(IP) Hinsichtlich Sachverständigenhaftung für unrichtige Verkehrswertgutachten bei Zwangsversteigerung hat der Bundesgerichtshof mit Leitsatz entschieden:

„a) Bei der Haftung des Sachverständigen für ein unrichtiges Verkehrswertgutachten im Zwangsversteigerungsverfahren ist zu berücksichtigen, dass dieses der Feststellung des Verkehrswerts des Versteigerungsobjekts dient und gerade auch in dieser Hinsicht, also bezüglich des festgestellten Verkehrswerts, "unrichtig" sein muss.

b) Baumängel und Bauschäden haben in diesem Zusammenhang insoweit Bedeutung, als sie sich auf den Verkehrswert auswirken.

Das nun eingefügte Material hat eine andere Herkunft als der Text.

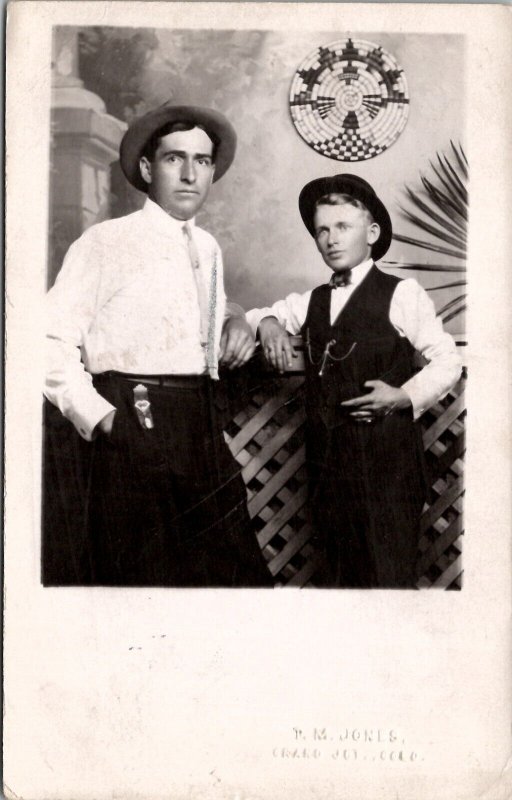 Two Handsome Men Colorado Studio c1910 to Clara in Hoxie Kansas Postcard Z23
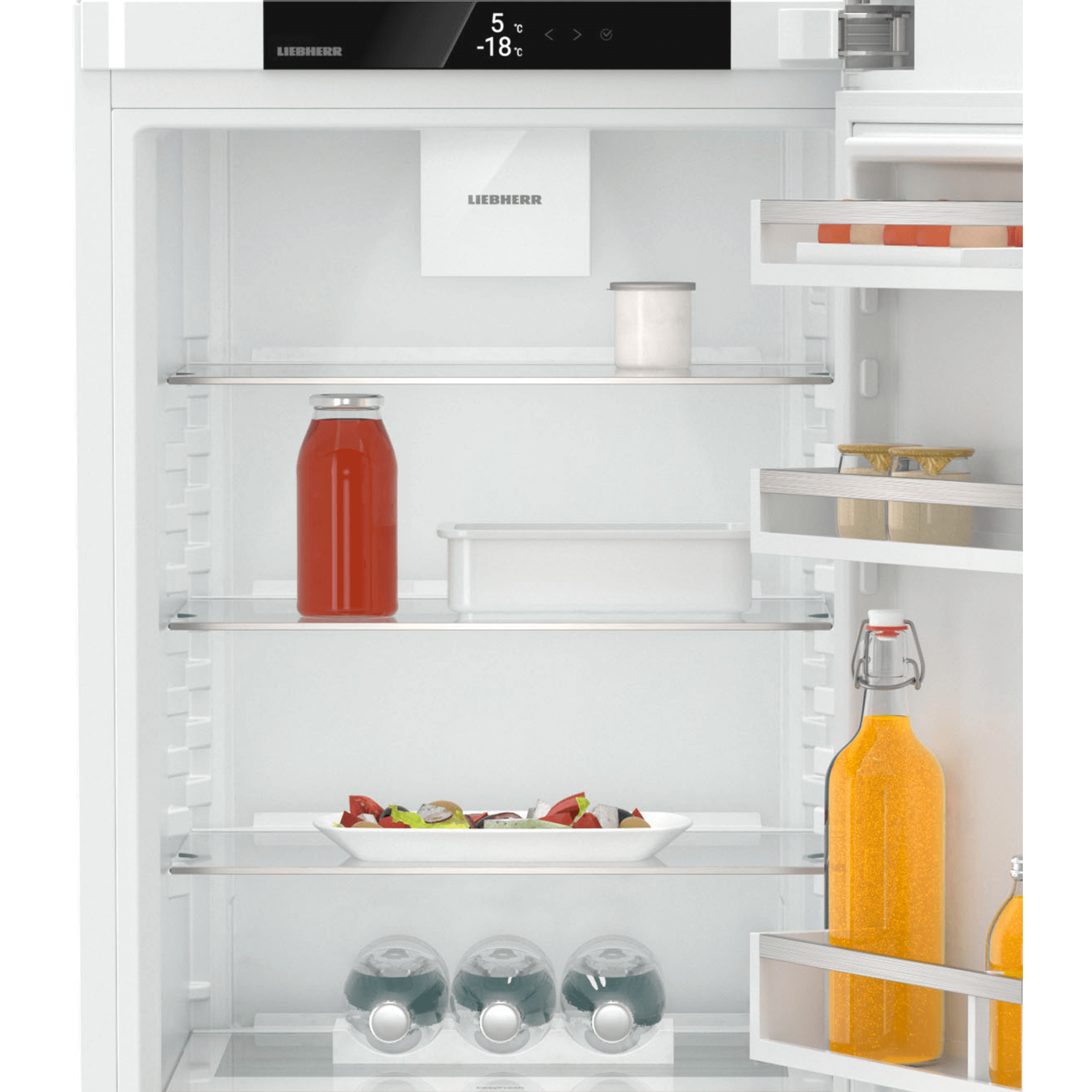 Refrigerator interior with shelves, containing food items and drinks, with a display.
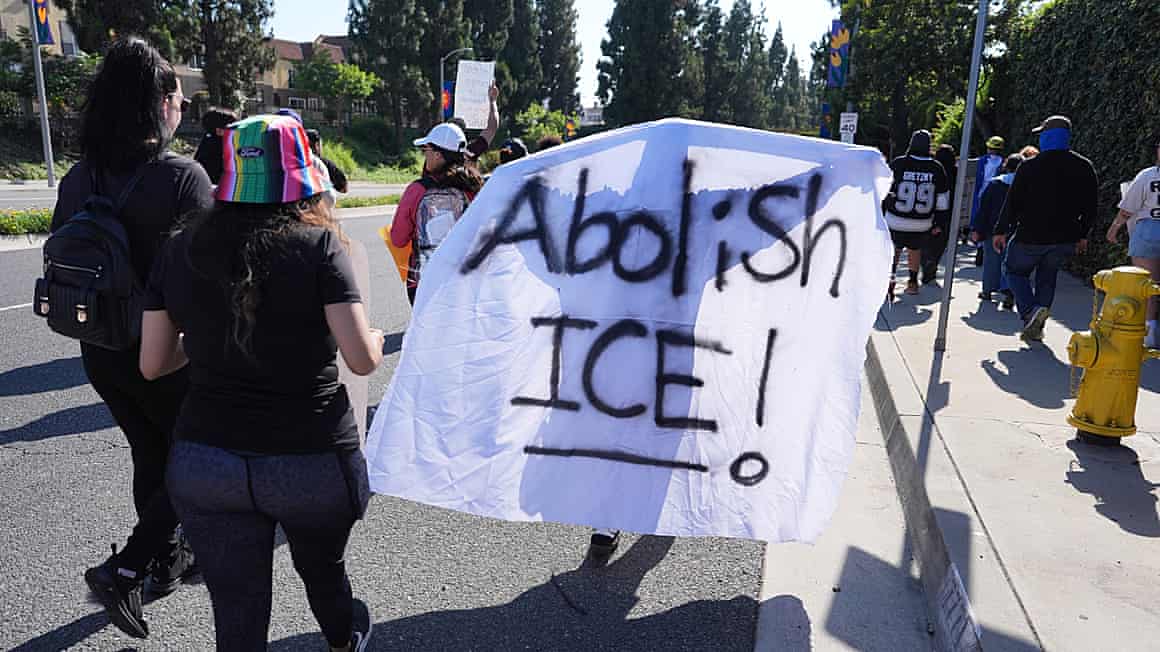 Protesters hold up a white banner with the words 'Abolish Ice' on it
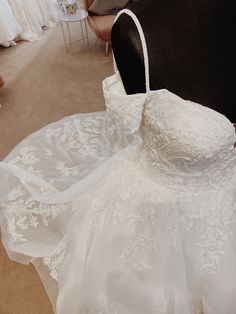 there is a white dress on display in the room with other wedding gowns behind it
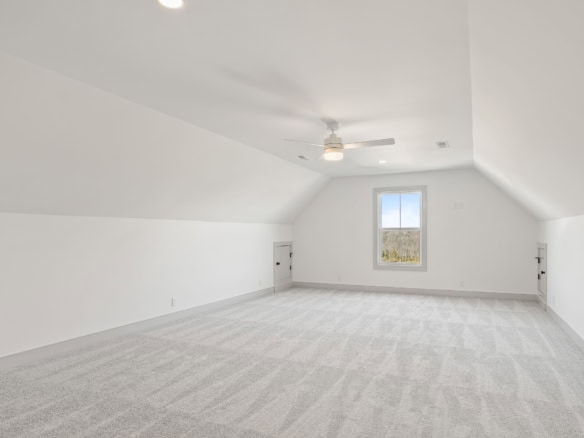Attic room with white walls, carpeted floor, and a window overlooking the outdoors.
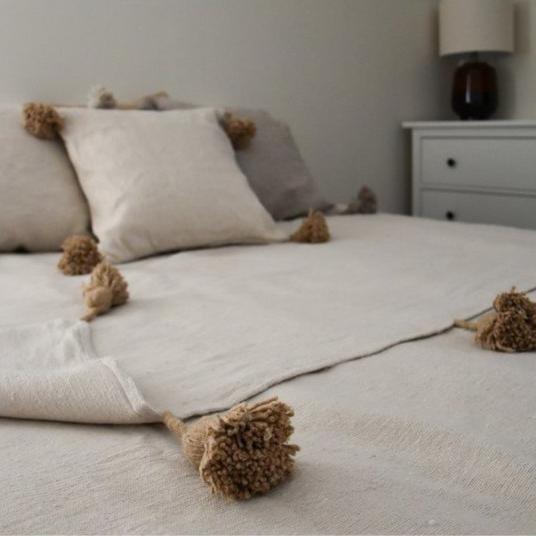 Pompondeken creme en beige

Anders als der speziell mit der Feststellung von Baumängeln beauftragte - und diesbezüglich besonders sachkundige - Gutachter darf sich der Verkehrswertgutachter im Allgemeinen mit der Inaugenscheinnahme des Versteigerungsobjekts begnügen und muss erst dann weitere Ermittlungen zu etwaigen Mängeln anstellen oder entsprechende Hinweise geben, wenn hierzu nach den Umständen des konkreten Falls Anlass besteht.

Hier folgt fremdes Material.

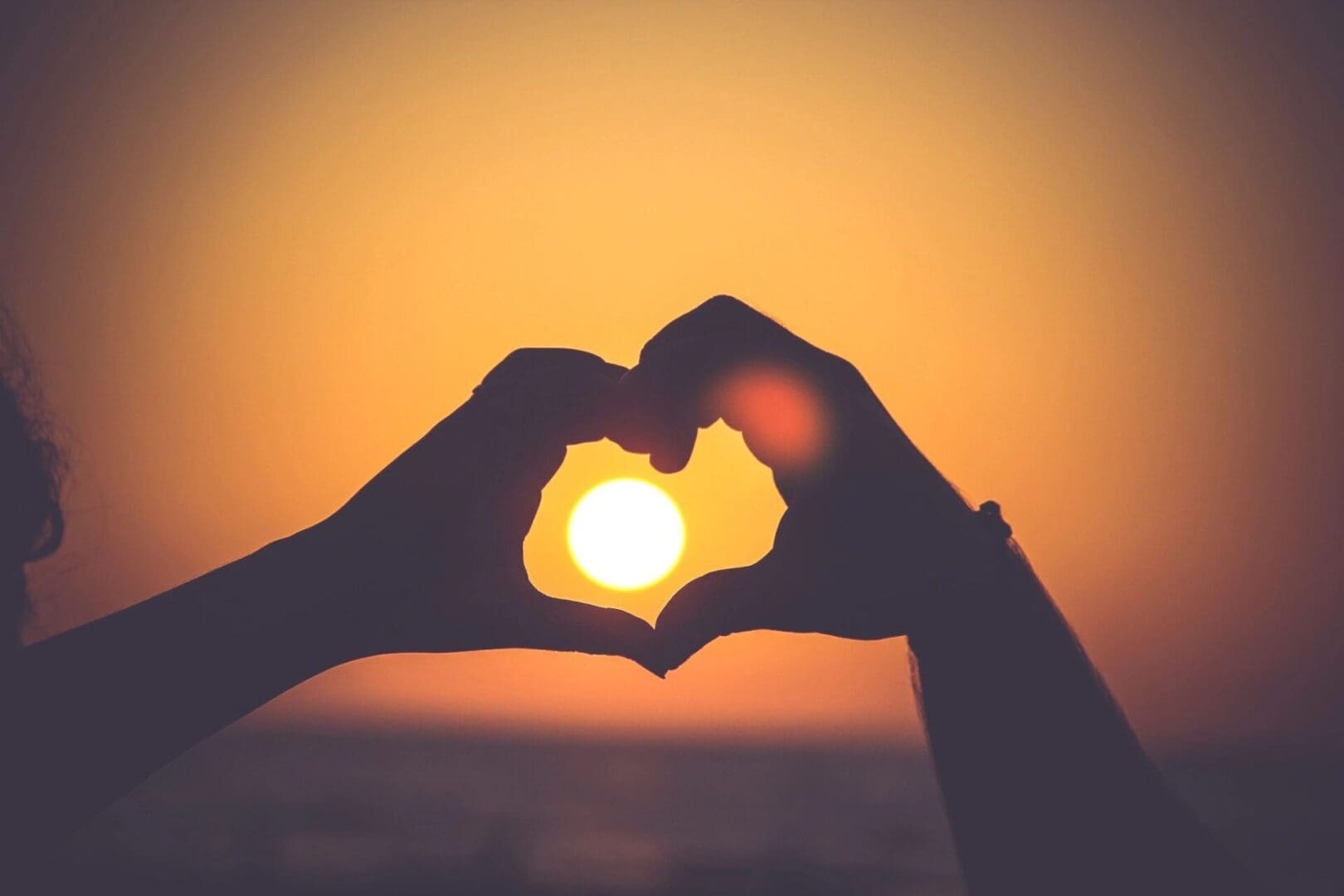 A person making a heart with their hands at sunset.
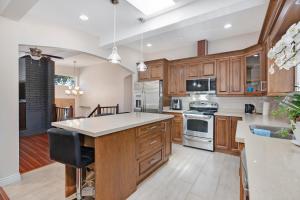 cocina grande con armarios de madera y encimera en Luxr's Lodge, en Surrey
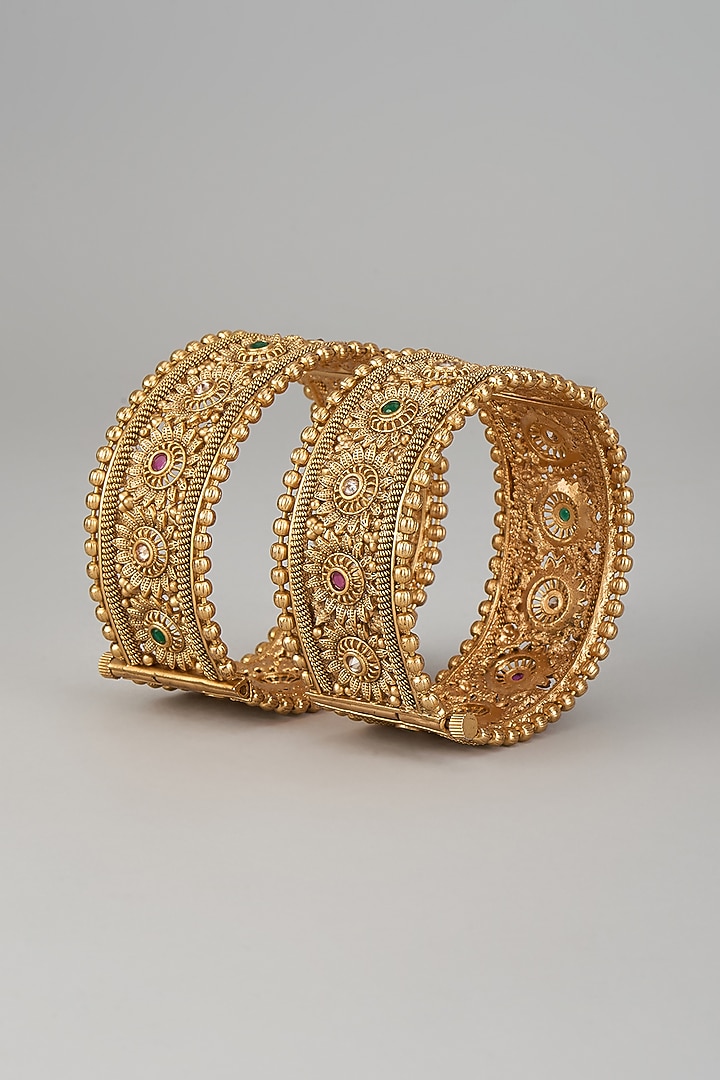 Gold Finish Kundan Polki Temple Bangles (Set of 2) by VASTRAA Jewellery at Pernia's Pop Up Shop
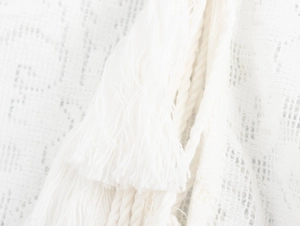 Close-up of intricate lace fabric with white tassels and bohemian mesh texture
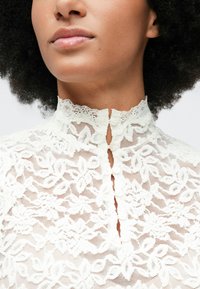 Nærbilde av en kvinne som har på seg en hvit bluse med høy hals i blonder med blomsterdesign og små frontknapper.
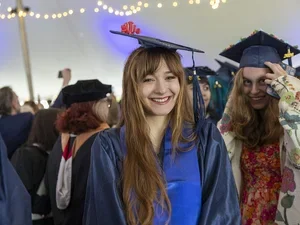 A Bennington graduate smiles wide with a clownfish perched on her cap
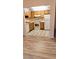 Small kitchen with light wood cabinets and white appliances at 11701 Raintree Village Blvd # C, Temple Terrace, FL 33617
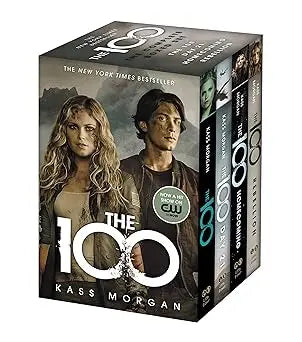 The 100 complete boxed set by kass morgan features a dark gray cover with bold white and silver lettering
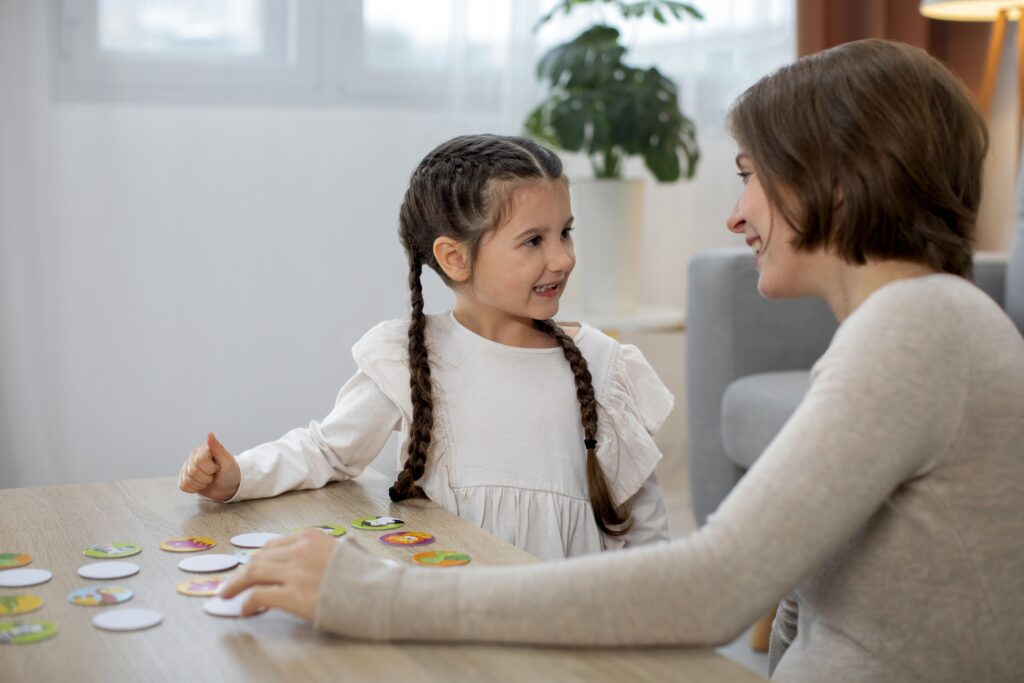 Educadora infantil con una niña realizando un juego para fomentar el aprendizaje cognitivo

c) Bei der Ermittlung des Verkehrswerts eines (bebauten) Grundstücks sind kleinere Diskrepanzen zwischen dem vom Regressgericht festgestellten und dem vom Sachverständigen ermittelten Verkehrswert unvermeidbar; sie dürfen nicht ohne weiteres zu Lasten des Sachverständigen gehen.“

Der Kläger hatte den Beklagten, einen Sachverständigen für Grundstücksbewertung, auf Schadensersatz in Anspruch genommen. In einem Zwangsversteigerungsverfahren hatte der ein Gutachten über den Verkehrswert zu erstellen, das mit einem über 100 Jahre alten Einfamilienhaus und einer Garage bebaut war. Er ermittelte in seinem Gutachten einen Grundstücksverkehrswert von knapp 110.000,- €. Er gab an, dass Baumängel und Bauschäden insoweit aufgenommen worden seien, "wie sie zerstörungsfrei, das heißt offensichtlich erkennbar waren". Für das Einfamilienhaus vermerkte der Beklagte unter der Rubrik "Baumängel/Bauschäden": "Feuchtigkeitsschäden, Putzschäden", sowie unter der Rubrik "sonstige Besonderheiten": "Unterhaltungsstau". Er gelangte zu der Allgemeinbeurteilung: "Der bauliche Zustand sei befriedigend. Es besteht ein erheblicher Unterhaltungsstau und allgemeiner Renovierungsbedarf."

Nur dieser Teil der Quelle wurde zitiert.